Researchers at Georgia Tech have developed a new nanoelectronics platform based on graphene – a single sheet of carbon atoms – that is compatible with conventional microelectronics manufacturing. To create the new nanoelectronics platform, the researchers created a modified form of epigraphene – a layer of graphene that can spontaneously form on top of silicon carbide crystal, a semiconductor used in high-power electronics. In collaboration with researchers at Tianjin University in China, they produced unique silicon carbide chips from electronics-grade silicon carbide crystals. Then, the researchers used electron beam lithography to carve the graphene nanostructures and weld their edges to the silicon carbide chips. 

(Funded by the U.S. Department of Energy and the U.S. Department of Defense)

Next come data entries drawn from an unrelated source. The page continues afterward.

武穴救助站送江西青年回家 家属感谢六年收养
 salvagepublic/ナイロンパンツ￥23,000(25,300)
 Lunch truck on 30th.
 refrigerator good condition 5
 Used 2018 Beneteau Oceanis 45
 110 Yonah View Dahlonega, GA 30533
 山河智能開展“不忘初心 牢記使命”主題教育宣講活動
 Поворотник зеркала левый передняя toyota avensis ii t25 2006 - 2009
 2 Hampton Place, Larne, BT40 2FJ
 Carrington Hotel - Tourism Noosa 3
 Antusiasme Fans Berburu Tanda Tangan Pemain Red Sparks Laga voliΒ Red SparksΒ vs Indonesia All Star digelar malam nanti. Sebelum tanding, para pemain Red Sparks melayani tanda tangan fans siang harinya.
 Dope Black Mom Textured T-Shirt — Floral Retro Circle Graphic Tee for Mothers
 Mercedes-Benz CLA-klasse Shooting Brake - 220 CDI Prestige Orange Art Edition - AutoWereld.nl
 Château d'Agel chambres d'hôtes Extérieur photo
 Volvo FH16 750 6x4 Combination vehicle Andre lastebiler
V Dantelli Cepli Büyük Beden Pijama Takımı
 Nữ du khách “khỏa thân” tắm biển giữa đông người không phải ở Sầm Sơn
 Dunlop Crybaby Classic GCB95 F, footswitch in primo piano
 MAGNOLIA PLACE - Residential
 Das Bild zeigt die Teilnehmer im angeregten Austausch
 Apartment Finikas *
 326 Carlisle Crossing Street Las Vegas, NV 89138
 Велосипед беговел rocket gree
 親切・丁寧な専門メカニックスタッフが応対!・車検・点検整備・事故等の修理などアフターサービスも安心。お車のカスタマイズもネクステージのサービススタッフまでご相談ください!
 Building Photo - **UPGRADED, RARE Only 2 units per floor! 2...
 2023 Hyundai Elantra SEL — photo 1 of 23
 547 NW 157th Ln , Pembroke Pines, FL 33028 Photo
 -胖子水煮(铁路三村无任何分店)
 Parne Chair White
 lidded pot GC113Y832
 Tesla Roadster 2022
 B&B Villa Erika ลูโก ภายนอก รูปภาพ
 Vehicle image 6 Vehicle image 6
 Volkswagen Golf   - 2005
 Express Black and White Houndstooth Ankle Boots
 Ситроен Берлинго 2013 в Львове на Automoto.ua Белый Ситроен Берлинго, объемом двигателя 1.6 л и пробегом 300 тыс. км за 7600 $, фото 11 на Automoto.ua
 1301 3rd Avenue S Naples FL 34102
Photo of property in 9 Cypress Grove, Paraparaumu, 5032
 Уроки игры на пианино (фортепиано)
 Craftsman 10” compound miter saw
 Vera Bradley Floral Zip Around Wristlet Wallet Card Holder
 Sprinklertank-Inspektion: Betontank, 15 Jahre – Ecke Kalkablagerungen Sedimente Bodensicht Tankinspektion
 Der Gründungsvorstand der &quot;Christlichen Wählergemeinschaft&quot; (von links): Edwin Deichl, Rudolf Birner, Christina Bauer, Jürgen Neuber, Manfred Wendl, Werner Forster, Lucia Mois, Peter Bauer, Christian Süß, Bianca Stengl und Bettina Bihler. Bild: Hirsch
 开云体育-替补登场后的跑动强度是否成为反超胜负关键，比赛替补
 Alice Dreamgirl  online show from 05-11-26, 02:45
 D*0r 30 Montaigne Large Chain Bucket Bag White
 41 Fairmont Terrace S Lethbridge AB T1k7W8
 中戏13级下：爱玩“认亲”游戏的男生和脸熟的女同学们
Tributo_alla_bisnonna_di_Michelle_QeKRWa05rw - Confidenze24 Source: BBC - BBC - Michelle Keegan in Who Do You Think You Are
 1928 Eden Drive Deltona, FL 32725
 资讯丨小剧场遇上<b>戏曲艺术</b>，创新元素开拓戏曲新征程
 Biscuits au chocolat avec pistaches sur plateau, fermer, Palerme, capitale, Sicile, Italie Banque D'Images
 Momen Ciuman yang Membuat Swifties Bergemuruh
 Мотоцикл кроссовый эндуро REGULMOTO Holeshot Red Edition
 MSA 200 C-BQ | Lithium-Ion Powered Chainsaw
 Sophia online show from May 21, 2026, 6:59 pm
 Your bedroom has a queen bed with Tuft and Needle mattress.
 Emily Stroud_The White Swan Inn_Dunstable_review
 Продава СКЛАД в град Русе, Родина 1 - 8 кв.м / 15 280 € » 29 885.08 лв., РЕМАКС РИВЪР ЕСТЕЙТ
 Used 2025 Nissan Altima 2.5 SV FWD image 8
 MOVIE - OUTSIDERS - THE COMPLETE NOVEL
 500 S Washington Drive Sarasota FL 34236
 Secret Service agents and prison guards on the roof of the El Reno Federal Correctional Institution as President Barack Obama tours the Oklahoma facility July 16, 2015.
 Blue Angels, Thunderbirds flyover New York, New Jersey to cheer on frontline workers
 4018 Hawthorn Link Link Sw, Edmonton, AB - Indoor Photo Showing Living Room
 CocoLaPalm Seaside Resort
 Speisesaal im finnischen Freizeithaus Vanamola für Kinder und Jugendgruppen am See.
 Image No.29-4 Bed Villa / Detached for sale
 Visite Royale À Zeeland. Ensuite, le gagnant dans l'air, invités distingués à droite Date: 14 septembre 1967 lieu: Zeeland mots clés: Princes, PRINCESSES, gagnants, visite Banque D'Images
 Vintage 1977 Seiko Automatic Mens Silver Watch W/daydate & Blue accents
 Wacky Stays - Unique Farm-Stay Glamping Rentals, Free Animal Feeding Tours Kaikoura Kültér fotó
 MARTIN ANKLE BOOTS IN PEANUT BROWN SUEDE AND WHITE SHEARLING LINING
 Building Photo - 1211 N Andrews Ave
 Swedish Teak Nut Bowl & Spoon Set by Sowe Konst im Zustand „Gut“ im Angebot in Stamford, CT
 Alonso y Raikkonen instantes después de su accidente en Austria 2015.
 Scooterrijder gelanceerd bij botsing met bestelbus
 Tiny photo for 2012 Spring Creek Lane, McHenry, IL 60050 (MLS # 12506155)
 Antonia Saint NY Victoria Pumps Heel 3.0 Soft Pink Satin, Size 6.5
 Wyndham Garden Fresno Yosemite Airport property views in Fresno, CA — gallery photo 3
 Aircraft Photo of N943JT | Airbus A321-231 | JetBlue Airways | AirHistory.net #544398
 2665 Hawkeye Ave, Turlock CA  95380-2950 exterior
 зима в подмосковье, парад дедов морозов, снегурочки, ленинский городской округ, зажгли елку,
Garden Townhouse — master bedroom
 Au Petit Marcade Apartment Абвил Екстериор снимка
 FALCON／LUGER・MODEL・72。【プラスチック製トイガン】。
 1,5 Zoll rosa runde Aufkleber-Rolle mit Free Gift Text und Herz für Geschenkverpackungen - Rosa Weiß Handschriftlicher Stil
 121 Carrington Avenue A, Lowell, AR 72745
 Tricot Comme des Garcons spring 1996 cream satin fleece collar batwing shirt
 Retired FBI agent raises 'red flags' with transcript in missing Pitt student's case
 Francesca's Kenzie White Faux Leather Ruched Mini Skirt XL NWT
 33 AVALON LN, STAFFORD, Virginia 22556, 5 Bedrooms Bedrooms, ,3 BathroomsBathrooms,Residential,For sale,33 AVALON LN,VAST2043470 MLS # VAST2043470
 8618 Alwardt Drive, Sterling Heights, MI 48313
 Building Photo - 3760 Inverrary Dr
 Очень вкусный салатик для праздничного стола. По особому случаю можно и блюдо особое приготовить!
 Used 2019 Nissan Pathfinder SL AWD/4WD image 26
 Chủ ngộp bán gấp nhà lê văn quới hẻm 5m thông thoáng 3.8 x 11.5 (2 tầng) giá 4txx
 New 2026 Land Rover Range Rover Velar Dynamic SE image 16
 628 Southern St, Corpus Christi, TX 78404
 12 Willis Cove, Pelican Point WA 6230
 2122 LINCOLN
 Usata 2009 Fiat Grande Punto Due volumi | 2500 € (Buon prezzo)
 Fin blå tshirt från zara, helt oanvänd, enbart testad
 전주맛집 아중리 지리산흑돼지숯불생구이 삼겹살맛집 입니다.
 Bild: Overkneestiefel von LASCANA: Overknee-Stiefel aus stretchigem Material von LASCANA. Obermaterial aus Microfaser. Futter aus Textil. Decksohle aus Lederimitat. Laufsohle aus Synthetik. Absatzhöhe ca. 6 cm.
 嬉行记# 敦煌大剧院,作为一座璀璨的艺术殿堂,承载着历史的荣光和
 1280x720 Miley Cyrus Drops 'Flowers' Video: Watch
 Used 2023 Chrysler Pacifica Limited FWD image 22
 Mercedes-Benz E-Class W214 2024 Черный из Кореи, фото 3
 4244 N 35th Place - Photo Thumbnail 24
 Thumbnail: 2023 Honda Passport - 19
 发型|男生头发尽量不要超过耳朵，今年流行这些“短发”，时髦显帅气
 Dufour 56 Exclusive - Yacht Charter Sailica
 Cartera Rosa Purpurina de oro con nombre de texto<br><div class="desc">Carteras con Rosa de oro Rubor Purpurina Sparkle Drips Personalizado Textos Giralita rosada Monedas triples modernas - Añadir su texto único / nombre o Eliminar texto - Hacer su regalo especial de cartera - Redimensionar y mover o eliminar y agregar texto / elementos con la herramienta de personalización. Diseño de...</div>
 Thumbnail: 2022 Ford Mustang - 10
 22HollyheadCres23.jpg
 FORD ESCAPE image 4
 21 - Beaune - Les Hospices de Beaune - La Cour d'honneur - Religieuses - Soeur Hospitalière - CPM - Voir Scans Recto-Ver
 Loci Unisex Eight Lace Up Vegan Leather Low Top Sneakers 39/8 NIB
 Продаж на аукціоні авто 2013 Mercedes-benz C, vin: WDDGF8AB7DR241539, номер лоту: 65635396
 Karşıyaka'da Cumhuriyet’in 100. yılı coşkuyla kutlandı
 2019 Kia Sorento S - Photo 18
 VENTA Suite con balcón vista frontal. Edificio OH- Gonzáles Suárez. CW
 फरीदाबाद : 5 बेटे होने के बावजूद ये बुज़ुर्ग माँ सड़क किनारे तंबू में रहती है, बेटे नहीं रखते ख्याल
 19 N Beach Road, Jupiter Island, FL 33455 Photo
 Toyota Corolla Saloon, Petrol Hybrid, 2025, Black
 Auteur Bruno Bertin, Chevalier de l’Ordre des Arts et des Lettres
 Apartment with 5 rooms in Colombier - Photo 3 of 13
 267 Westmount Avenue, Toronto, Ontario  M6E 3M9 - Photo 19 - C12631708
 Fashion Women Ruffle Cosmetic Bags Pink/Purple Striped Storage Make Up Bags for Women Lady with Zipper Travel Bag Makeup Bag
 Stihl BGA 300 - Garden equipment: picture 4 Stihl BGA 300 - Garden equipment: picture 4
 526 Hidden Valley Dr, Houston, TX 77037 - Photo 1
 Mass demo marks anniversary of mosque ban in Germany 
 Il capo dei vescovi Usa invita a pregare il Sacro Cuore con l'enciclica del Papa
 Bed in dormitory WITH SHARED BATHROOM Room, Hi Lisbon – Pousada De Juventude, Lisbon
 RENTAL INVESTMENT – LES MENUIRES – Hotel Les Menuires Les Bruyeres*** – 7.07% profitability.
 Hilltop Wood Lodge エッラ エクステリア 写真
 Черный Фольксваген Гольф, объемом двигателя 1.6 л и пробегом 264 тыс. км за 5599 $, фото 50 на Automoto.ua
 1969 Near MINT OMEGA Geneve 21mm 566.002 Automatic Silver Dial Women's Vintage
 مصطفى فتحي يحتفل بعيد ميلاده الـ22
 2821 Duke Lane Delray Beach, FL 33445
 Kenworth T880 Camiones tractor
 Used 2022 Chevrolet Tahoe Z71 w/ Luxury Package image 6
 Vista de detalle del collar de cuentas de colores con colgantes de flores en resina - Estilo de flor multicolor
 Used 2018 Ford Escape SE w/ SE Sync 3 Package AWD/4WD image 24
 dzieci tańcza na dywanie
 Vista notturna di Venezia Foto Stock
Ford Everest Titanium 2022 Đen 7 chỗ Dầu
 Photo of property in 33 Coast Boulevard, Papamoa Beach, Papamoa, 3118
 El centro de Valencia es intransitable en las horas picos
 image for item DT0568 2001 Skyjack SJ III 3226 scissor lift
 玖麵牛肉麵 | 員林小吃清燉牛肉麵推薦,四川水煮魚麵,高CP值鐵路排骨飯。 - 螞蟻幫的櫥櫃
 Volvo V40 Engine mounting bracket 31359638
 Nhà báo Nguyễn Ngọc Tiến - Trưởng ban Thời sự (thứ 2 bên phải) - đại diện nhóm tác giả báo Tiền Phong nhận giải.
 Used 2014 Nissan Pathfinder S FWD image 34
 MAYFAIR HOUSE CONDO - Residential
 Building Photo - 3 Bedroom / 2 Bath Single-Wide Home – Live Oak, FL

Scientists at the U.S. Department of Energy’s Lawrence Livermore National Laboratory have created vertically aligned single-walled carbon nanotubes on metal foils. Vertically aligned carbon nanotubes have exceptional mechanical, electrical, and transport properties in addition to an aligned architecture, which is key for applications such as membrane separation, thermal management, fiber spinning, electronic interconnects, and energy storage.

(Funded by the U.S. Department of Defense and the National Science Foundation)

Researchers at Penn State have discovered that a new type of active pixel sensors that use a novel two-dimensional (2D) material may both enable ultra-sharp cell phone photos and create a new class of extremely energy-efficient Internet of Things (IoT) sensors. The 2D material is molybdenum disulfide, a semiconductor that is sensitive to light.

(Funded in part by the National Science Foundation)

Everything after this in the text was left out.